◆ Problem to work on ◆
Starting with the line that holds "42/78 Cairns Street, Kangaroo Point QLD 4169", reproduce each line through the last one of the data, exactly as written. Pictures are not copied.

◆ Input data ◆

┌──

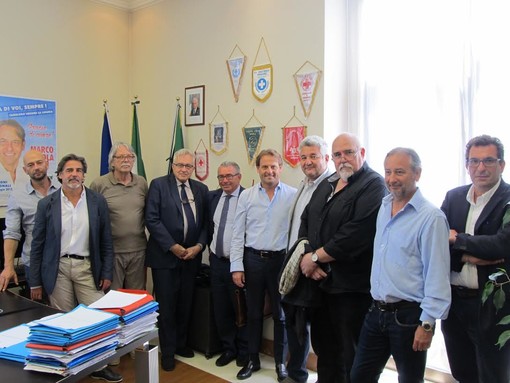 Demanio, l'assessore Scajola corre in aiuto ai comuni costieri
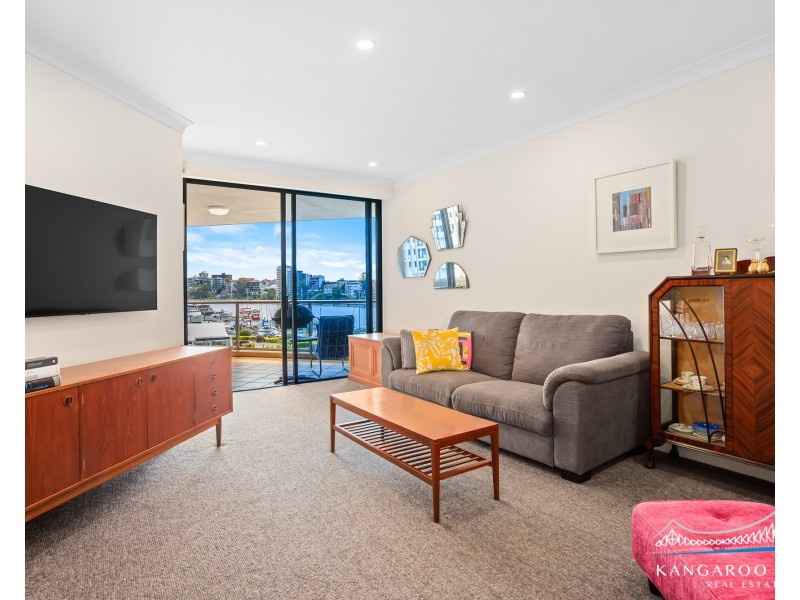 42/78 Cairns Street, Kangaroo Point QLD 4169
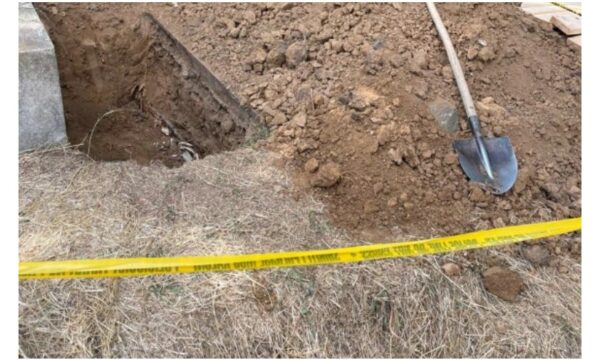 Dëmtohet një varr në Kamenicë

└──

◆ Task result ◆
 42/78 Cairns Street, Kangaroo Point QLD 4169
 Dëmtohet një varr në Kamenicë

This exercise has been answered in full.